En octobre 2024, le Conseil Suprême Musulman de l’Ouganda (UMSC) a exprimé ses inquiétudes concernant la sous-représentation des musulmans dans les statistiques nationales et les structures de gouvernance. Selon le recensement de 2024, la population musulmane était d’environ six millions. Le Mufti d’Ouganda, Sheikh Shaban Ramadhan Mubaje, a publiquement rejeté les chiffres officiels, affirmant que la population musulmane réelle était plus proche de 12 millions. Il a suggéré qu’il pourrait y avoir eu une tentative de priver les musulmans de ressources, en les présentant comme une minorité en diminution. Le mufti a annoncé son intention de mener un recensement musulman à l’échelle nationale afin de rectifier les inexactitudes statistiques perçues et de plaider pour une distribution plus équitable des ressources publiques[33].
Parallèlement, l’UMSC a renouvelé son appel à l’adoption rapide du projet de Loi sur l’Administration du droit personnel musulman, qui établirait des tribunaux Kadhi pour juger les affaires relatives au mariage, aux successions et à la garde des enfants, conformément aux principes islamiques. Le conseil a souligné que le projet de loi était conforme à l’article 129, alinéa 1er, point d, de la Constitution[34].

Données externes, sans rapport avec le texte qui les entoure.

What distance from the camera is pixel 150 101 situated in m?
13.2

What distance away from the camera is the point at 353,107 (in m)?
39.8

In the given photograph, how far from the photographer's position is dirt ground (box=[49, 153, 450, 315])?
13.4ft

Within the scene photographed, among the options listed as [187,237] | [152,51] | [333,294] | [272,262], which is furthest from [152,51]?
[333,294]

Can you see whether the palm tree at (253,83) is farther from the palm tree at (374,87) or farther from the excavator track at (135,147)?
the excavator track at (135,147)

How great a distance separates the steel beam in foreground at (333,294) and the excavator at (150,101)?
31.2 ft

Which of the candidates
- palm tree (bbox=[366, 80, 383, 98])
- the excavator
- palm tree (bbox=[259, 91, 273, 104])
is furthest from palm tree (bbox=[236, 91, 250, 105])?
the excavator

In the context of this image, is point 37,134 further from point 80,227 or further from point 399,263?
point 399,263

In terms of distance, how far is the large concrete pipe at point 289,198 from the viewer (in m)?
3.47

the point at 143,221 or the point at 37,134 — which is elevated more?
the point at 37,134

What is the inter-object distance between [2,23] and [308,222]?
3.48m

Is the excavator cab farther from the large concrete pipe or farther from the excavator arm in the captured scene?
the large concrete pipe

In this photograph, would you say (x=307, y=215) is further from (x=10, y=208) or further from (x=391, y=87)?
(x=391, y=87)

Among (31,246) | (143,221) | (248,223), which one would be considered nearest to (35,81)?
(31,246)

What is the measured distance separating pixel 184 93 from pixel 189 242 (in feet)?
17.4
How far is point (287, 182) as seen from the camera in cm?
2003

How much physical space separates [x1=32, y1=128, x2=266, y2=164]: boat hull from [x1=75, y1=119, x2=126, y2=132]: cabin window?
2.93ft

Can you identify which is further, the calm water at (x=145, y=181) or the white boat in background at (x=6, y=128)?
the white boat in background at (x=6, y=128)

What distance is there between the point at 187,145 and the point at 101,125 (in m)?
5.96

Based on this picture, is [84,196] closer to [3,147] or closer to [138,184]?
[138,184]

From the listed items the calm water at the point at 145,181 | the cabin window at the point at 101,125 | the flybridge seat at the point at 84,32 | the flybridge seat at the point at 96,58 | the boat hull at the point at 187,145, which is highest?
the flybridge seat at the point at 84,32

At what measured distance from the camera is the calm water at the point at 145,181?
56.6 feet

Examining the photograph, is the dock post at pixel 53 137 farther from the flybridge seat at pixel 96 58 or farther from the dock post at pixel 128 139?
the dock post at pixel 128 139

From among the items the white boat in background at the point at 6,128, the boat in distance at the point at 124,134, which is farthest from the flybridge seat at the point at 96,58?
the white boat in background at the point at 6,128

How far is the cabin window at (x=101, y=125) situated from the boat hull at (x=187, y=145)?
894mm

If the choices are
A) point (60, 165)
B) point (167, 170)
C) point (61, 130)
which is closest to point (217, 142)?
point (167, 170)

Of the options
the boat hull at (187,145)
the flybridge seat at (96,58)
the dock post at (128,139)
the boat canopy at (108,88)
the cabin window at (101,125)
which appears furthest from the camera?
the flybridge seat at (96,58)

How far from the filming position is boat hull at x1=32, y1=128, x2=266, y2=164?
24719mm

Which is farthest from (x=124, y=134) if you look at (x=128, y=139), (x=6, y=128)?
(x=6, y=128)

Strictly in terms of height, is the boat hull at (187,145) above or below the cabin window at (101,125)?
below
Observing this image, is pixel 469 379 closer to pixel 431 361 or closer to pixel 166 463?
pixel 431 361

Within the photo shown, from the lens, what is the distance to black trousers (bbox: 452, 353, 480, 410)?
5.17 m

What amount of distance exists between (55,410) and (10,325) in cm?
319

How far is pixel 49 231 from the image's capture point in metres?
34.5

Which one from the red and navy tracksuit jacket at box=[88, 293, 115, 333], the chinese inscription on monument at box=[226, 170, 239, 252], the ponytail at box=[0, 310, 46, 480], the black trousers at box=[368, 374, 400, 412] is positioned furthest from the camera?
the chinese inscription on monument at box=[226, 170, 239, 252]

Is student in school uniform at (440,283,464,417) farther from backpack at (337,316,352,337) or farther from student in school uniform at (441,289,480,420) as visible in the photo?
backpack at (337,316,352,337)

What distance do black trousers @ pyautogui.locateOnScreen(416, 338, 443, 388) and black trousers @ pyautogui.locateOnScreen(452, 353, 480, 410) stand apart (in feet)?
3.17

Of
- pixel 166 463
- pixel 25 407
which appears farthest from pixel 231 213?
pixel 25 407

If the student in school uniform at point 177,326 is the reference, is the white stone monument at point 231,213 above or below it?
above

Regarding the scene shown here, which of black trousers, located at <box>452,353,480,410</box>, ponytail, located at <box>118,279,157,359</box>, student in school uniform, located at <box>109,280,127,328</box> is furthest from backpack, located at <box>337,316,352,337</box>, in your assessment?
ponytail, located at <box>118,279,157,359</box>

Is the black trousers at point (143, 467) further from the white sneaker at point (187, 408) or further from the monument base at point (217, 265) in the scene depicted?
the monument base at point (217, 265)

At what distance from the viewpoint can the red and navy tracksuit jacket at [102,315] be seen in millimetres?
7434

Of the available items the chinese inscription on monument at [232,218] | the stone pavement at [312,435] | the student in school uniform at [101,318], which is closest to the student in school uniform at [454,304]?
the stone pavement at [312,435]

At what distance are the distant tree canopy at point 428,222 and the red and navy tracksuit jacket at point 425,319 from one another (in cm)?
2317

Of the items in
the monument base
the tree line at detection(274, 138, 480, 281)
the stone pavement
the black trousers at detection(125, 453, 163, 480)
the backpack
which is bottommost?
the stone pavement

Dans la nuit du 7 novembre 2024, un inconnu a incendié l’église catholique historique de Mapeera Kigungu, construite sur le site de l’arrivée des premiers missionnaires catholiques en Ouganda en 1879. Entré par une fenêtre arrière, l’incendiaire a mis le feu à une partie du presbytère, détruisant des vêtements liturgiques, des calices et d’autres objets sacrés d’une valeur de plus de 10 millions de shillings ougandais. L’intervention rapide des fidèles a empêché que les dégâts ne soient encore pires. Suite à l’enquête effectuée par les autorités, les indices suggèrent que l’attaque soit liée à un différend foncier concernant un terrain appartenant à l’église[35].

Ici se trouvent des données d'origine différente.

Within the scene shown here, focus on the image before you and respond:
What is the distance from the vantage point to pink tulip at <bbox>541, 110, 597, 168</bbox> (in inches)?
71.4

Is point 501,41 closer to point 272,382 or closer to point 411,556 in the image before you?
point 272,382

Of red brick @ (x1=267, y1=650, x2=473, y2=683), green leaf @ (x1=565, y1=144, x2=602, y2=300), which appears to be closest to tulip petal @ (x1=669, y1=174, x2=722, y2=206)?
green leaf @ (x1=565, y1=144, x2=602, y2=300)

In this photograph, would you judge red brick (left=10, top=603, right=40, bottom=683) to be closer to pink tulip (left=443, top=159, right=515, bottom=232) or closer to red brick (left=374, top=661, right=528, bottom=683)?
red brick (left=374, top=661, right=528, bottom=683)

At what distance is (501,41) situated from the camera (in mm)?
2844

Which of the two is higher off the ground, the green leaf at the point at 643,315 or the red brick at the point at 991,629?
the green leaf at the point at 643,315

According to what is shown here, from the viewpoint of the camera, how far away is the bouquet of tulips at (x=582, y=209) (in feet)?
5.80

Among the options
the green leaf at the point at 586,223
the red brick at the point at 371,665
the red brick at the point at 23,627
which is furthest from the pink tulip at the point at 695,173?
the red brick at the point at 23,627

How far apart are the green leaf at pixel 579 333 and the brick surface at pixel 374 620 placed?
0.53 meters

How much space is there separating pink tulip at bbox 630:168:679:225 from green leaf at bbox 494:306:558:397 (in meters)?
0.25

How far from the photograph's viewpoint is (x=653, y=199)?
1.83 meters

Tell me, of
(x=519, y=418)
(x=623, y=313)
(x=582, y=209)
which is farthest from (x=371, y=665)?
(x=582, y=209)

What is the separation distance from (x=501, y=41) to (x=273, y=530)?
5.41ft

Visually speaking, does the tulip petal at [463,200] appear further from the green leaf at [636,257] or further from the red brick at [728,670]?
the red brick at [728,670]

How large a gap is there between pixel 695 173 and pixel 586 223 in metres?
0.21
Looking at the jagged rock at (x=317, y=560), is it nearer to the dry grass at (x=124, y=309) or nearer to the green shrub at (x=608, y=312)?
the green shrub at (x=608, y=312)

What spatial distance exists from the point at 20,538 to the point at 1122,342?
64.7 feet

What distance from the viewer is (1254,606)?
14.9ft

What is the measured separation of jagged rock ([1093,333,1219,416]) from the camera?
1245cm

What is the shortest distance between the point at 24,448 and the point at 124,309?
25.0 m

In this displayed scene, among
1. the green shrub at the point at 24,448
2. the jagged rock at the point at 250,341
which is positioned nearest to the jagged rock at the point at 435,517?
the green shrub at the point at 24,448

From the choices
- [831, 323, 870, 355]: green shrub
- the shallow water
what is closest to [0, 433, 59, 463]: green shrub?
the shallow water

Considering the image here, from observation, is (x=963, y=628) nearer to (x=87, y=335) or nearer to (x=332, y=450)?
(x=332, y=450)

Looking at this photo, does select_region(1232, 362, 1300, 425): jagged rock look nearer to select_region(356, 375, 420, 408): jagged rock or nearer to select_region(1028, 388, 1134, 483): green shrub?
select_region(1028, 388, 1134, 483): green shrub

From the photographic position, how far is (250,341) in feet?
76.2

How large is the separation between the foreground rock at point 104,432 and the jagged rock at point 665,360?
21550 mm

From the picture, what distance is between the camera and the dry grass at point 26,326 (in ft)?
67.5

En décembre 2024, le Président Museveni a annoncé que, tout comme le Bureau national des normes contrôlait la qualité des produits industriels, le gouvernement commencerait à valider les miracles religieux, expliquant qu’il était nécessaire de trouver un équilibre entre la liberté religieuse et la protection de la santé publique. Le gouvernement, a-t-il dit, examinera également le commerce d’eau bénite. « Si vous êtes guéri, ce n’est pas un problème », a-t-il déclaré. « Mais si vous vendez l’eau, c’est une affaire commerciale. Nous allons étudier cette eau »[36].

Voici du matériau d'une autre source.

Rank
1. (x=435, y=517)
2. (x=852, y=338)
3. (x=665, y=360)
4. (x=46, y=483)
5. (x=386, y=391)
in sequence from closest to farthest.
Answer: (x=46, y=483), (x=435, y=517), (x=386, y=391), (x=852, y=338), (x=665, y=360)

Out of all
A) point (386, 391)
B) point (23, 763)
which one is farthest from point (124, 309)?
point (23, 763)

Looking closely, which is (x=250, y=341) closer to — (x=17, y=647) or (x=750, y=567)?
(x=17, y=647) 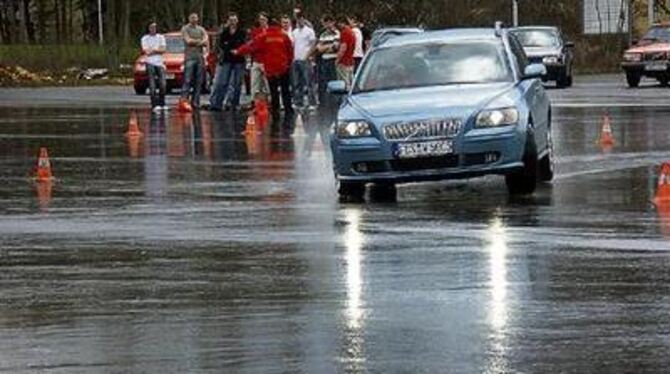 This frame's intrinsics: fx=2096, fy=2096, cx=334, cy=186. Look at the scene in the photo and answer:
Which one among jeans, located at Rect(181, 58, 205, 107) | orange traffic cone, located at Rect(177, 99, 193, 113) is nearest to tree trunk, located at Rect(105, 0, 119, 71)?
jeans, located at Rect(181, 58, 205, 107)

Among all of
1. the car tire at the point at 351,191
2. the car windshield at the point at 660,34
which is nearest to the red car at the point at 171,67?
the car windshield at the point at 660,34

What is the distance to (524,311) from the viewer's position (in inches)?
423

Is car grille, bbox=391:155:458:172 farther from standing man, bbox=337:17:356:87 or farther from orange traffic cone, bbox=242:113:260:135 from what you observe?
standing man, bbox=337:17:356:87

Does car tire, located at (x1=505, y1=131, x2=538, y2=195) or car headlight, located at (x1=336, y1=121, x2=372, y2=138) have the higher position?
car headlight, located at (x1=336, y1=121, x2=372, y2=138)

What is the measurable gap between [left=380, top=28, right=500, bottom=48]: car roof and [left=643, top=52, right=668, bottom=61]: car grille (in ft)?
105

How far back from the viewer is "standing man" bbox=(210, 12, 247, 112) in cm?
3766

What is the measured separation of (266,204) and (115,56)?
57.0 meters

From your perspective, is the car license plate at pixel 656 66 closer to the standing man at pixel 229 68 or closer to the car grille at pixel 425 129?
the standing man at pixel 229 68

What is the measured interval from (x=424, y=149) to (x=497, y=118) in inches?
27.1

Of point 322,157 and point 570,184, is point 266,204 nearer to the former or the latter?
point 570,184

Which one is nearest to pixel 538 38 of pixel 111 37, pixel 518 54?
pixel 111 37

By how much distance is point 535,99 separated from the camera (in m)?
19.5

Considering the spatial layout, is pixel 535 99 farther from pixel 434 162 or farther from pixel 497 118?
pixel 434 162

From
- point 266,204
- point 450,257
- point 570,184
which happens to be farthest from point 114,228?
point 570,184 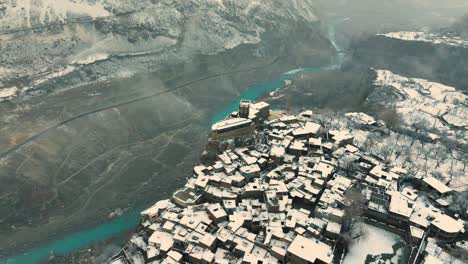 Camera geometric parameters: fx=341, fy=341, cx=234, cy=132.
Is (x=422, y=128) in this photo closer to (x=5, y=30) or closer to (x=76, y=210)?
(x=76, y=210)

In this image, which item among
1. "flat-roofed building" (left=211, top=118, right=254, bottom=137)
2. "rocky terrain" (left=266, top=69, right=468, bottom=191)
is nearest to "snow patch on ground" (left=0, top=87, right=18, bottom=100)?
"flat-roofed building" (left=211, top=118, right=254, bottom=137)

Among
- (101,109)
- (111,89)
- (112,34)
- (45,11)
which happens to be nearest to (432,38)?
(111,89)

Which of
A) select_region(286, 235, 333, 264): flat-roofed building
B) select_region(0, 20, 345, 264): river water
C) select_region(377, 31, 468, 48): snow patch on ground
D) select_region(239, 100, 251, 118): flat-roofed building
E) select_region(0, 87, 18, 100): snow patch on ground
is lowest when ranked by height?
select_region(0, 20, 345, 264): river water

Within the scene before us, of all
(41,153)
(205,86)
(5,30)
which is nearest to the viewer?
(41,153)

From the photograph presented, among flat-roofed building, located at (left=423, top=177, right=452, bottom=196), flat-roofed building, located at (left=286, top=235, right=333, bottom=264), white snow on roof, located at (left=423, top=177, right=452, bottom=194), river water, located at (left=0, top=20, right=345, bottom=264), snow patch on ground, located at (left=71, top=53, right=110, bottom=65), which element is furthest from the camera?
snow patch on ground, located at (left=71, top=53, right=110, bottom=65)

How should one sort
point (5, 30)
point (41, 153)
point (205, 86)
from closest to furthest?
point (41, 153) → point (5, 30) → point (205, 86)

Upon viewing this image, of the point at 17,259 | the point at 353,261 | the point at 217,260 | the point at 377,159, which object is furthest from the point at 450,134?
the point at 17,259

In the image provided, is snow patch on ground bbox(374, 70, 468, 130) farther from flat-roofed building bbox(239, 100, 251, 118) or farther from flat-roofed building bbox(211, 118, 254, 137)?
flat-roofed building bbox(211, 118, 254, 137) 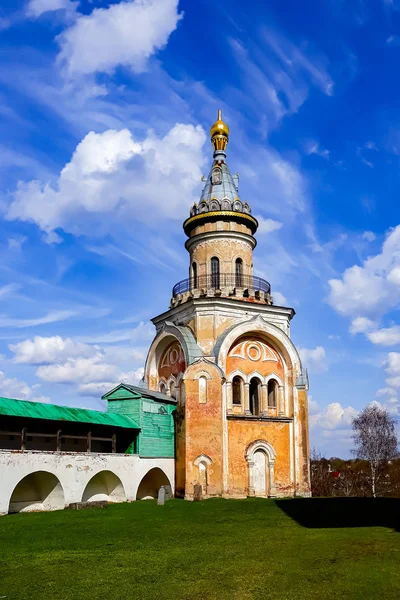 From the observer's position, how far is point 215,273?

Perspectives pour la liberté religieuse
Alors que la Constitution garantit la liberté de religion et de croyance, les perspectives globales de ce droit restent ambivalentes. D’une part, le pays est depuis longtemps reconnu pour sa coexistence interreligieuse généralement pacifique et pour sa politique d’accueil des réfugiés inclusive, qui permet aux personnes déplacées de toutes confessions de pratiquer librement leur religion. D’autre part, les développements récents ont suscité des inquiétudes parmi les chefs religieux et les observateurs. La proposition de soumettre les organisations religieuses et confessionnelles (ORC) à une supervision sous l’égide du Bureau du Président, plutôt que par le biais de la législation parlementaire, est le signe d’un potentiel renforcement du contrôle gouvernemental sur l’activité religieuse.
Parallèlement à cela, l’Ouganda continue de faire face à des menaces pour sa sécurité, émanant d’acteurs islamistes extrémistes, notamment des Forces démocratiques alliées (ADF), qui sont affiliées à l’État Islamique et opèrent de l’autre côté de la frontière, en République démocratique du Congo. Les attaques mortelles attribuées aux ADF, combinées aux violences ciblées continues contre les chrétiens, ont contribué à créer un climat d’incertitude. Dans ce contexte, même si la pratique religieuse reste largement autorisée, la convergence des problèmes de sécurité et du renforcement de la réglementation administrative indique un environnement plus fragile et une potentielle restriction de la liberté religieuse dans les années à venir. Une surveillance attentive des réformes légales ainsi que des incidents sur le terrain sera donc essentielle pour évaluer les trajectoires futures.